To repeat, a Warner Bros. spokesperson said yesterday that the current poster is a teaser, and that another piece of Arthur art (possibly to feature Gerwig) will be seen down the road. But the fact remains that for the time being, Warner Bros. marketing has (a) kept the romantic female lead off the poster and (b) shown the secondary female lead (i.e., Jennifer Garner) instead, obviously because her name means something to Eloi ticket buyers while Gerwig’s means zip. Unless Jared Stern’s rewrite of Baynham’s script has switched things around entirely (which is highly unlikely), this is a deliberate hoodwink maneuver as far as your average ticket-buyer is concerned. I’m not saying a major studio hasn’t done this before, but I can’t think of any examples.

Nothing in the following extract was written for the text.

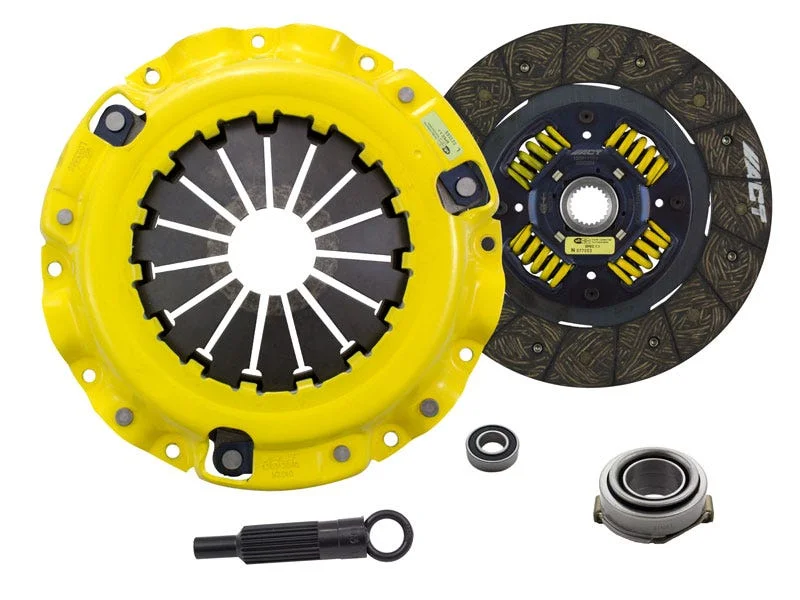 automotivestuff-1202606260735202563267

The teaser trailer pretty much eliminates Gerwig also. She’s seen in two brief cuts early on, and has one line (“Who are you people?”). The basic impression is that Arthur is a three-way relationship story between Russell Brand, Helen Mirren and Garner.
Gerwig will almost certainly benefit from Arthur, as any lead actress in any half-decent, studio-funded romantic comedy would. (For what it’s worth, Baynham’s script is spirited and funny-dopey — not a half-bad “read.”) But marketing-wise she’s definitely being shafted as we speak.
The Arthur poster is analagous, to use a fictitious example, to a poster of Warren Beatty‘s Heaven Can Wait showing Beatty (i.e., Joe Pendleton/Leo Farnsworth), Charles Grodin (as Tony Abbott, Farnsworth’s administrative assistant) and Dyan Cannon (as Farnsworth’s scheming and unfaithful wife)…but not Julie Christie‘s Betty Logan, the romantic female lead.
Or, if you need a parallel for a young actress just breaking in (as Gerwig is into the big-studio realm), it’s like a poster for Billy Wilder‘s Sabrina (’54) showing Humphrey Bogart, William Holden and Martha Hyer (who plays a romantic also-ran)…but not Audrey Hepburn.